Segment Start: Collected data

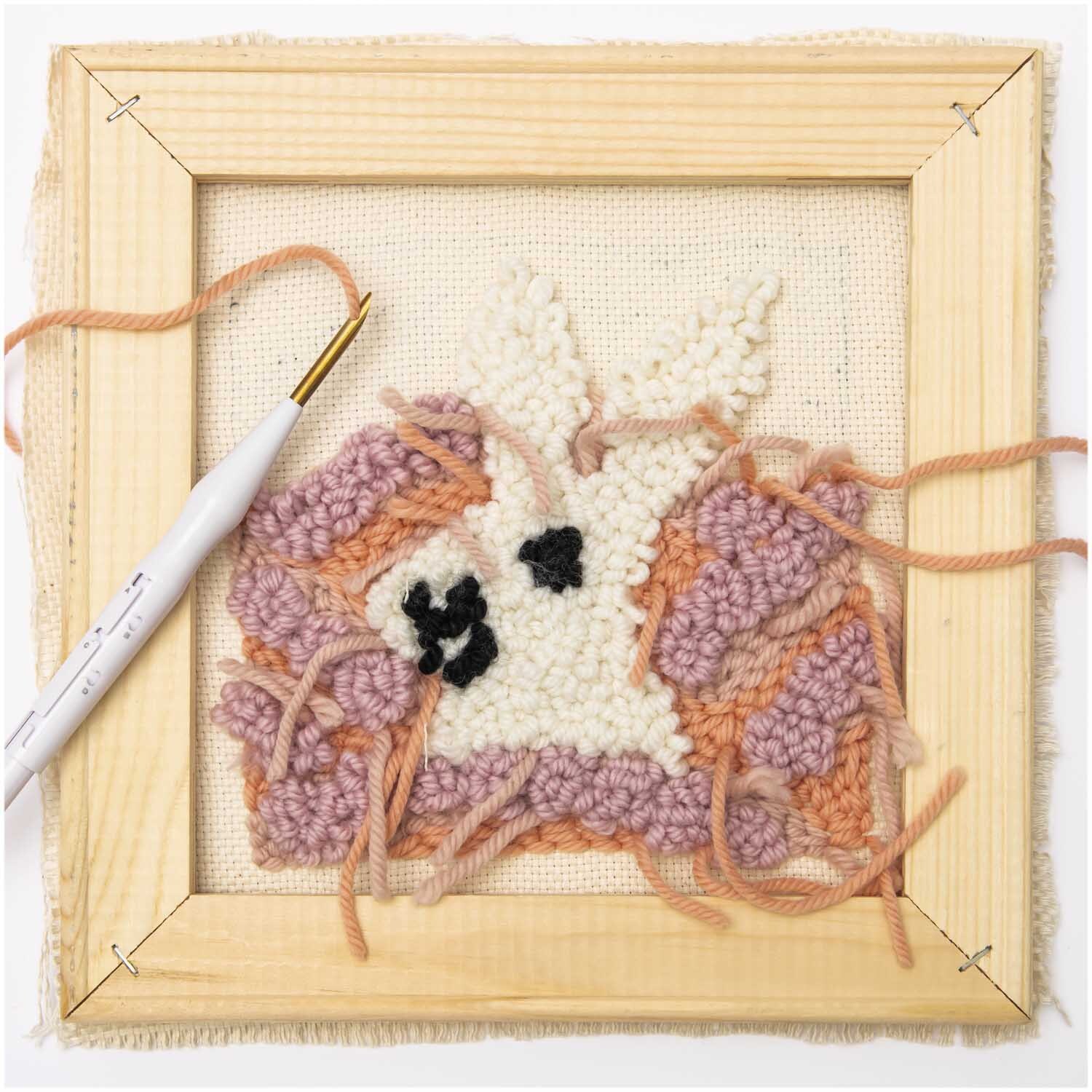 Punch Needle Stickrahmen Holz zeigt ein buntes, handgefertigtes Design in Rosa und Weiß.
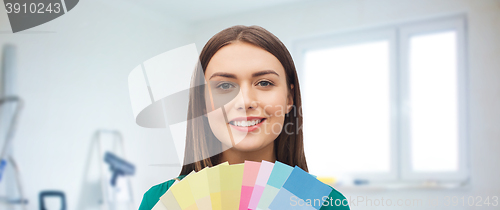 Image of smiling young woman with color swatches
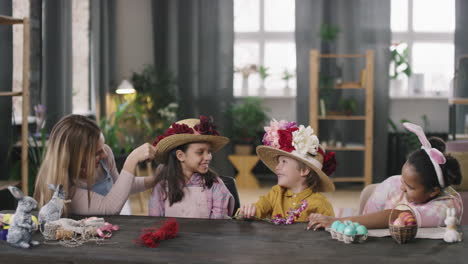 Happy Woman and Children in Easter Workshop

Segment End: Collected data

_Task details_
Wherever a picture appears, omit it; copy the rest of the data exactly.

_Expected output_
 Punch Needle Stickrahmen Holz zeigt ein buntes, handgefertigtes Design in Rosa und Weiß.
 Image of smiling young woman with color swatches
 Happy Woman and Children in Easter Workshop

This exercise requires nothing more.